If the ICC are worried about spectators, then ticket holders from the cancelled games can be prioritised for the rescheduled ones. Fans who had travelled hours to be at the previous event might be willing to travel hours to this one, too.

And how exciting if a place in the semi-final came down to these rearranged matches, rather than a country missing out due to an unfortunate weather pattern?

Thursday’s game between India and New Zealand could have been hugely significant. Now we will never know. What other international competition would leave such an enticing event hanging? It makes the competition look inconsequential.

England and Wales were awarded this World Cup in 2006. That’s more than 13 years to agree on a format that ensures the maximum amount of cricket. It is not as if rain in an English summer is entirely unforeseeable either.

This country has hosted four previous World Cups and got lucky with the weather. Yet some of those had reserve days built in and the earliest ones featured just 15 games. But this time the organisers couldn’t be bothered to anticipate the issues of a typical English June and plan accordingly.
This is another example of a competition organised despite the best interests of the fans

This is another example of a competition organised despite the best interests of the fans

It is just another example of a major competition organised despite the best interests of the fans, rather than around them. This only happens for two reasons. One is television, the other money. This one is television.

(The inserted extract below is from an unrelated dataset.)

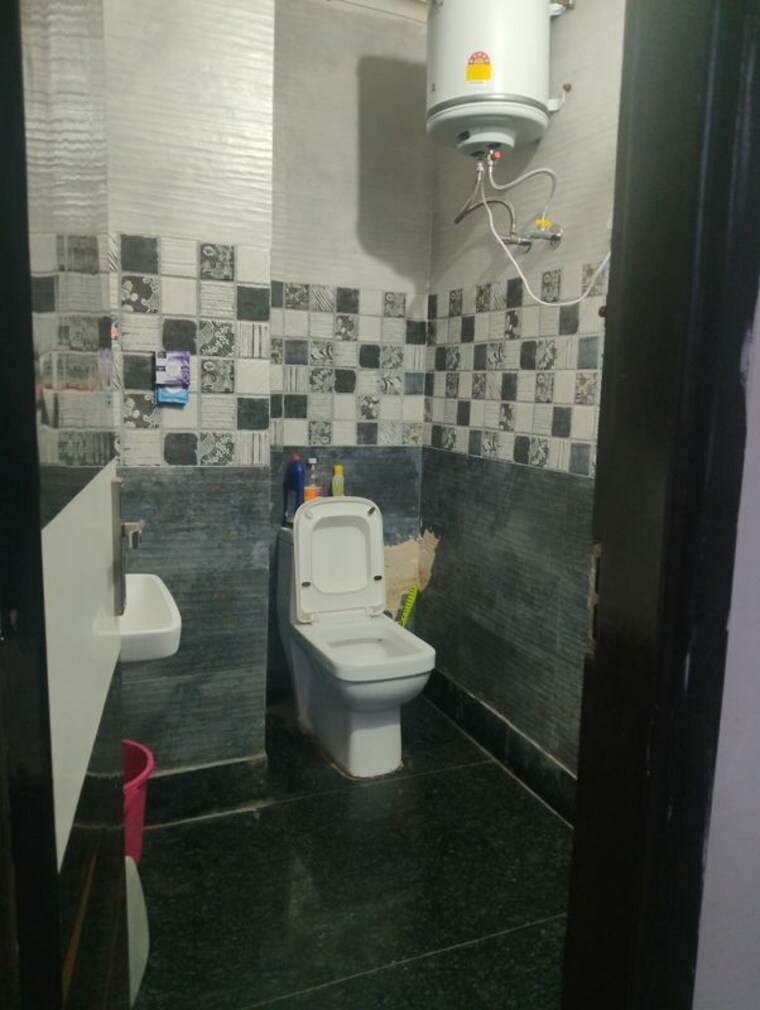 Bathroom, suncity-township-gurgaon 3 Bedroom 1350 Sq.Ft. Builder Floor In Sector 54 Gurgaon 10428070
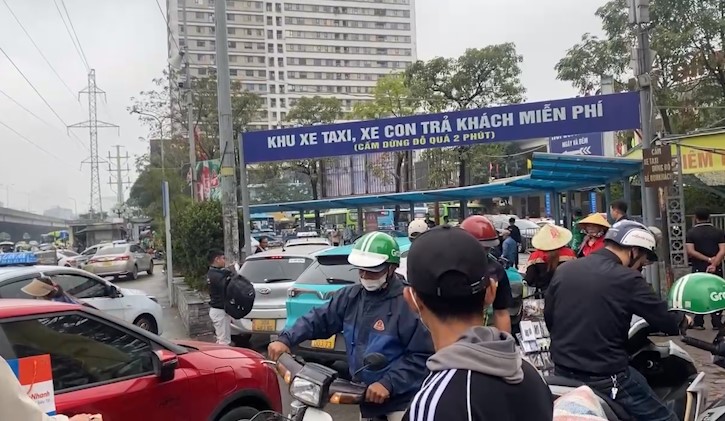 People flock to My Dinh bus station to return home for Tet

The reason a 10-team tournament drags on for more than a month and a half yet apparently has no room for manoeuvre in its calendar is because the ICC and the broadcasters have agreed that, with very few exceptions, there will only be one match played each day. To have reserve slots for individual matches therefore interferes with that purity.

A block of reserve dates would not have to make a long competition longer, as the ICC claim. They have done that already with their slavish devotion to the demands of television. Sri Lanka have now lost consecutive games to the weather, meaning by Saturday they will have gone 11 days between matches.

Bangladesh, meanwhile, have ended up sharing points in a game their coach Steve Rhodes said had been targeted for a win. ‘We have got quite a lot of time between games, and if we have got to travel a day later, then so be it,’ he said. ‘We put men on the moon, so why can’t we have a reserve day, when this tournament is spread out?’

Yet that would mean prioritising fans, and fairness. There will be cricket on the moon before that happens, particularly if the broadcasters want it.